The next challenge was to centralise the multitude of data and use it efficiently. “We had collected a lot of data over the past few years, from both the production and machines as well as the support services, but it was spread across various different databases. We wanted to ensure that all the information was centralised in a single data cube with different views. This would allow each employee to easily retrieve the right information for his or her position from this central database.”

ST Engineering has already taken the first hurdle towards this data-driven approach. “We were bumping against the limits of our own system, so we joined forces with Siemens to build a completely new MES,” says Guy De Winne. “For the very first time, we are not conducting the entire transformation ourselves. But that doesn’t mean we are abandoning our philosophy.”

The cooperation is a win-win situation. “The MES is a showcase project for Siemens. At the same time, we retain control of its implementation. We wanted to have a full understanding of what lies behind it. With the new system, we can now automatically filter all the centralised data and get it to the right operator at the right time. In very short feedback loops, we can therefore adjust production based on the centralised data.”

In very short feedback loops, we can adjust production based on the centralised data.

People at the centre

“We don’t yet know what kind of data analysis will be possible in the future,” Guy De Winne points out. “As a result, it’s essential for us to capture data as accurately as possible today. We need to ensure that the foundations of our data are as clean and correct as possible before we take the next step. Around 70-80% of production errors result from what I call ‘corrupt processes’. These are errors that you can prevent with digitisation, provided you can identify them.”

“In other words, we can analyse virtually in real time and send feedback when something goes wrong, but we cannot predict when that will happen,” explains Guy De Winne. “As a result, we can’t automate our production.

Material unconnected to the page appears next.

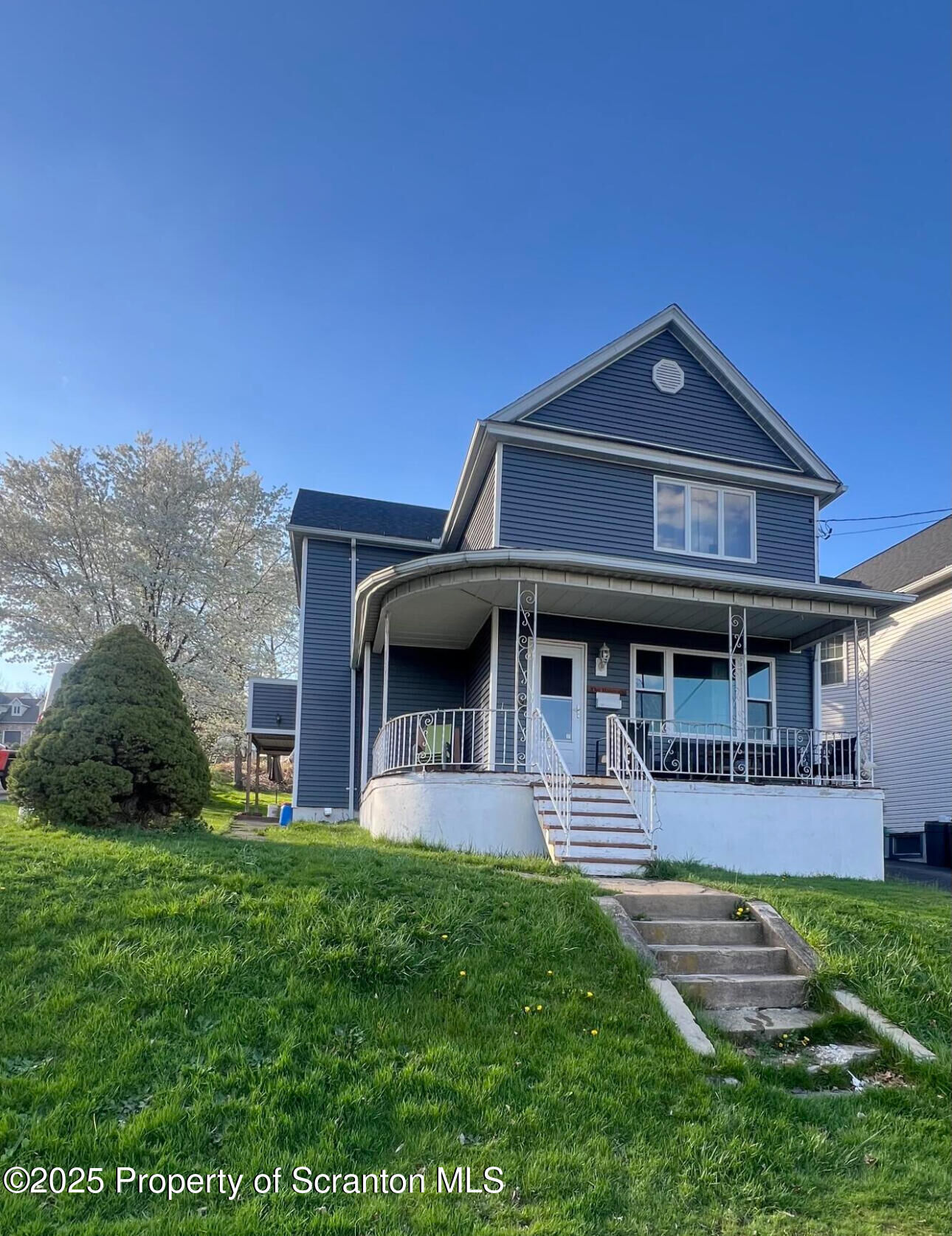Property Photo:  1163 Breaker Street  PA 18519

We can only provide the operators with the right information as soon as possible. Our people will continue to occupy a central role in the production, we will never automate them out of the process.”

Around 70 to 80% of production errors result from ‘corrupt processes’. These are errors that we can prevent with digitisation.

Looking ahead

What’s the next step for ST Engineering? To capture even more data and process it more efficiently. “My vision for the future is a fully connected factory,” continues Guy De Winne. “A factory that is in real-time contact with the entire supply chain: suppliers, clients and the other branches. This will allow us to immediately adjust production in the event of the slightest design error.”

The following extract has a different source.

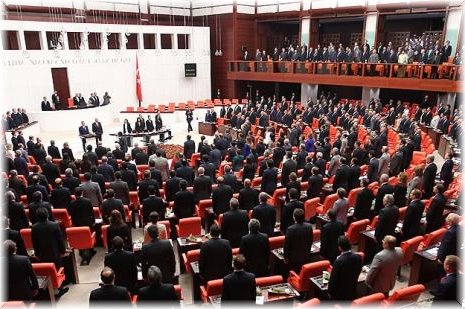 Meclis'de hareketli saatler yaşanıyor gündem çok yoğun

“We are also gradually developing our data-driven approach,” continues Guy De Winne. “In order to make the feedback loops even shorter, we need to develop an algorithm. However, our production is very specific: we make small volumes of custom products. We don’t have any predictive models yet, because we simply don’t have enough data for this. Machine learning and artificial intelligence for data analysis are not feasible for the time being.”

The biggest barrier to a connected future is the mentality: we need to establish a culture of transparency.

“But it isn’t the technology that forms the biggest barrier to a connected future, it’s the mentality,” says Guy De Winne. “When an error occurs today, people tend to be quick to point the finger. If we want to make the transition to a fully connected chain, we need to establish a culture of transparency.”

How does Guy De Winne look back on the process from lean to data-driven? “Digitisation is not an end in itself: it is a means of working more efficiently and flexibly. The most important lesson I have learned is that you need to get your people on board. It’s crucial for your employees to understand that the evolution is necessary. You can implement changes step-by-step, and with every success you build confidence to go one step further. I am very proud that our employees have supported our transformation story over the past 20 years.”